In the filmmaker’s arsenal, the extended single shot is a strong tool. The single shot requires the audience’s unwavering engagement without the punctuation of a cut or the breather of an angle.
It’s grabbing us by the neck and never letting go.
It’s a system that is exploited at least as much as it’s used efficiently: There’s the swanky spring of something like Birdman for any fast-paced, kinetic action sequence from Children of Men. But rarely have I seen a single shot at the beginning of Kornél Mundruczó’s Parts of a Woman used as compellingly as the 23-minute series. Hours of labor; Martha’s (the incredible Vanessa Kirby) and Sean’s (Shia LaBeouf) baby’s traumatic home birth; the way time compresses and expands with each contraction; the devastating, blunt force of the catastrophe that occurs shortly after birth: all of it is distilled into one woozy, disoriented, cordless umbilical clip.

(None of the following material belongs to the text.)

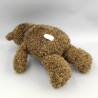Peluche ours marron écharpe carreaux bleu ID COM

If I announce that the film is about the death of a newborn, it’s not a spoiler: its seismic effect on life; the impossibility in the aftermath of making sense of it all.
It is a topic to which Mundruczó (White God) and his writer and wife Kata Wéber have a personal connection, evident in the deft balancing of the banal yet almost unbearable specifics between a compassionate approach and an unflinching eye.

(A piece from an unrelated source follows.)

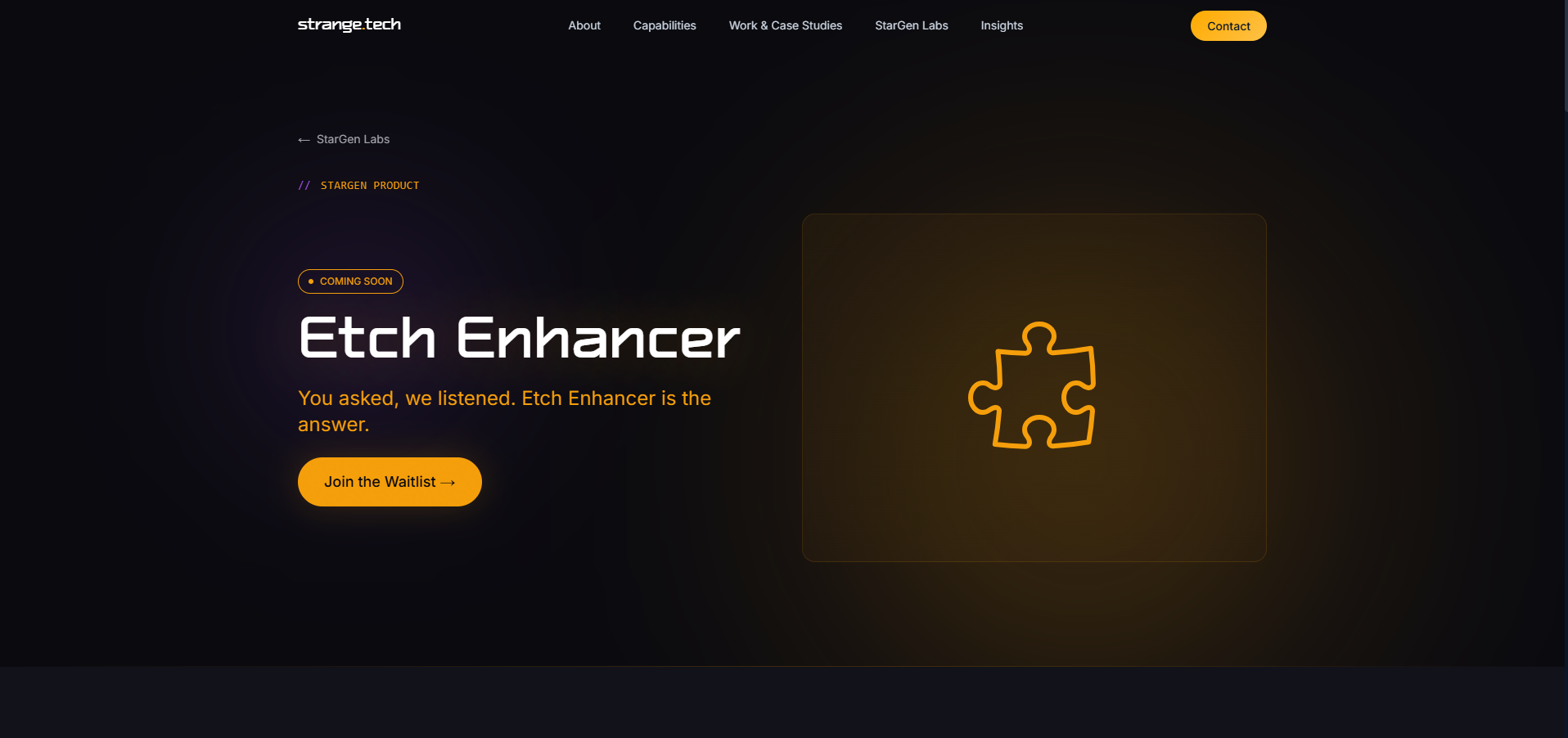 The Home Page of Etch Enhancer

In the days following the death of her daughter to block the awful compassion of family and friends, information like the way Martha, though withdrawn into herself, her body betrays her. Milk is still pouring from her breasts, and her gait is still the uncomfortable waddle of a pregnant woman.
Every jagged sliver of Kirby’s phenomenal performance is captured by a camera that hovers like a detached soul clinging to Martha. The film has a keen sense of the impact of bereavement on others. A child’s loss is an agonizing thing; the loss of a newborn is literally incomprehensible, after the raw, animalistic rush of birth and the surge of love at first sight.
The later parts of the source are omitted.